Implementation:Haotian liu LLaVA Eval Metrics Suite

Overview

Collection of evaluation metric scripts for computing accuracy across POPE, TextVQA, and ScienceQA benchmarks. Each script loads model answers from JSONL output files and ground truth from benchmark-specific annotation files.

Description

Three evaluation scripts form the local metric computation suite:

eval_pope.py - Computes binary classification metrics (accuracy, precision, recall, F1, yes-ratio) for hallucination detection. Normalizes model outputs to binary yes/no by checking for negation words. Evaluates per POPE category (adversarial, popular, random) by filtering answers based on question category.

eval_textvqa.py - Uses TextVQAAccuracyEvaluator from m4c_evaluator.py for VQA accuracy with answer normalization and 10-answer voting. Includes a prompt_processor() function that extracts the core question text from various OCR-augmented prompt formats.
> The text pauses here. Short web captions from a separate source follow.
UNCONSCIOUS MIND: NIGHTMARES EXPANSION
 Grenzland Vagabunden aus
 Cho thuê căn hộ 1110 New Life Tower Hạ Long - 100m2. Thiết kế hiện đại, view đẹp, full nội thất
eval_science_qa.py - Computes exact-match accuracy on multiple-choice ScienceQA questions with per-category breakdowns. Parses model text output to extract option letters using multiple heuristic patterns. Outputs both a detailed analysis JSON and a summary results JSON.

Sources

llava/eval/eval_pope.py:L5-81
llava/eval/eval_textvqa.py:L35-51 (eval_single), L17-32 (prompt_processor)
llava/eval/eval_science_qa.py:L39-114
llava/eval/m4c_evaluator.py:L221-257 (TextVQAAccuracyEvaluator)

API Signatures

eval_pope.py

def eval_pope(answers: list, label_file: str) -> None:
    """
    Evaluate POPE binary classification metrics for a single category.

    Args:
        answers: List of dicts with 'text' field containing model predictions.
                 Text is normalized: words containing 'No'/'not'/'no' -> 'no', else -> 'yes'.
        label_file: Path to POPE ground truth JSON file with 'label' field per line.

    Prints:
        TP, FP, TN, FN counts
        Accuracy, Precision, Recall, F1 score, Yes ratio
        Summary line: "F1, accuracy, precision, recall, yes_ratio"
    """

CLI usage:

python llava/eval/eval_pope.py \
    --annotation-dir ./playground/data/eval/pope/coco \
    --question-file ./playground/data/eval/pope/llava_pope_test.jsonl \
    --result-file ./playground/data/eval/pope/answers/llava-v1.5-13b.jsonl

Argument	Type	Description
`--annotation-dir`	str	Directory containing `coco_pope_*.json` label files
`--question-file`	str	Question JSONL with `question_id` and `category` fields
`--result-file`	str	Model answer JSONL from `model_vqa_loader.py`

The main block iterates over all files matching coco_pope_*.json in the annotation directory, extracts the category name from the filename, filters answers by category, and calls eval_pope() for each.

eval_textvqa.py

def eval_single(annotation_file: str, result_file: str) -> None:
    """
    Evaluate TextVQA accuracy for a single result file.

    Args:
        annotation_file: Path to TextVQA annotation JSON (with 'data' key containing
                        list of annotations with 'image_id', 'question', 'answers')
        result_file: Path to model answer JSONL with 'question_id', 'prompt', 'text'

    Prints:
        Experiment name, sample count, accuracy percentage
    """

def prompt_processor(prompt: str) -> str:
    """
    Extract core question text from OCR-augmented prompts.
    Handles three prompt formats:
    1. 'OCR tokens: ... Question: <q> Short answer:' format
    2. 'Reference OCR token: ...' multi-line format
    3. Simple two-line format (question + instruction)
    Returns lowercased question text.
    """

CLI usage:

python -m llava.eval.eval_textvqa \
    --annotation-file ./playground/data/eval/textvqa/TextVQA_0.5.1_val.json \
    --result-file ./playground/data/eval/textvqa/answers/llava-v1.5-13b.jsonl

Argument	Type	Description
`--annotation-file`	str	TextVQA annotation JSON with ground truth answers
`--result-file`	str	Single model answer JSONL file
`--result-dir`	str	(Alternative) Directory of JSONL files to evaluate all at once

eval_science_qa.py

# Main block (no function wrapper)
# CLI: python llava/eval/eval_science_qa.py --base-dir ... --result-file ... --output-file ... --output-result ...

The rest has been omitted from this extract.